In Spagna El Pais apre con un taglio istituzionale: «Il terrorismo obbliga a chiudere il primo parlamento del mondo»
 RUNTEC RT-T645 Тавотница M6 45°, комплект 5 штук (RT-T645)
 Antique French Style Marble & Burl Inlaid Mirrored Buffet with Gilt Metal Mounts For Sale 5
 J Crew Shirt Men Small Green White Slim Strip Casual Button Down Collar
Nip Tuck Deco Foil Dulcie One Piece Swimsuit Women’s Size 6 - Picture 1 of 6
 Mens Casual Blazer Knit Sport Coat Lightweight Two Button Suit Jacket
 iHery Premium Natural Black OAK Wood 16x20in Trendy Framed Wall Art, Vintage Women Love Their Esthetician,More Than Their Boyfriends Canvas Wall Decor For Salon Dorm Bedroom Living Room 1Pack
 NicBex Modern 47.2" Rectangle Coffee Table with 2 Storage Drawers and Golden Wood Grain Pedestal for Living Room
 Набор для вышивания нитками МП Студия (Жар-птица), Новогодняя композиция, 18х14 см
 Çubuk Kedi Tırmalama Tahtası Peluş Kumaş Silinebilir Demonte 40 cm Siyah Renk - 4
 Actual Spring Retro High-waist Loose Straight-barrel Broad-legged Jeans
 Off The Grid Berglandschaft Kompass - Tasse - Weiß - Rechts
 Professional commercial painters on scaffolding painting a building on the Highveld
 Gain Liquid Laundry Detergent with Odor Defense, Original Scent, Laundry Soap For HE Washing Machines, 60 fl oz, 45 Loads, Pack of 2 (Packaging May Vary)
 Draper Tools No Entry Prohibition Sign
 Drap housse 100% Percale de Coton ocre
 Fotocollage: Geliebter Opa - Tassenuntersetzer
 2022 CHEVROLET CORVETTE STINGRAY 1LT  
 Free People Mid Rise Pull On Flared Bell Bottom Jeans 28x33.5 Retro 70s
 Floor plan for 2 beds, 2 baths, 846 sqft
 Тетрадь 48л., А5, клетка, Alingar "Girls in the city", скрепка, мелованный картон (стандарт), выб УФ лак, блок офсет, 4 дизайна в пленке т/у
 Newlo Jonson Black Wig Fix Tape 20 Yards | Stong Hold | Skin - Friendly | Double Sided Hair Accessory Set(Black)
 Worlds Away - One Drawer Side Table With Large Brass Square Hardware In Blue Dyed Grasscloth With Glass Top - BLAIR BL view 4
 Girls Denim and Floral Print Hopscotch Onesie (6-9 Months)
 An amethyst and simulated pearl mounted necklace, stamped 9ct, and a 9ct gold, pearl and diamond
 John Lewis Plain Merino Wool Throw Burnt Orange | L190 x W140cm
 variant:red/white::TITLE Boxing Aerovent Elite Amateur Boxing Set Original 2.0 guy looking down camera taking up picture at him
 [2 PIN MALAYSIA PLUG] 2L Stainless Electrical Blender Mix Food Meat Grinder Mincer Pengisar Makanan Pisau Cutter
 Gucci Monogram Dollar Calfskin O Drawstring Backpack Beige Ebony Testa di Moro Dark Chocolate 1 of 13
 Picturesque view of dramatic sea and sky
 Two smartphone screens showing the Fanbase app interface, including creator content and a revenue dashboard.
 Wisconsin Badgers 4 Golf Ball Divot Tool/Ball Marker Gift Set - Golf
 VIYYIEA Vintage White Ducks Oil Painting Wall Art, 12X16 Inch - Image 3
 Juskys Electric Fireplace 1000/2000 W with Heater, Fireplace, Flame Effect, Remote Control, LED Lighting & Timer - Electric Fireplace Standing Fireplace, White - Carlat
____
- [Problem]: Lines containing the word "Girls" are to be pulled from the records and copied.

- [Response]:
 Тетрадь 48л., А5, клетка, Alingar "Girls in the city", скрепка, мелованный картон (стандарт), выб УФ лак, блок офсет, 4 дизайна в пленке т/у
 Girls Denim and Floral Print Hopscotch Onesie (6-9 Months)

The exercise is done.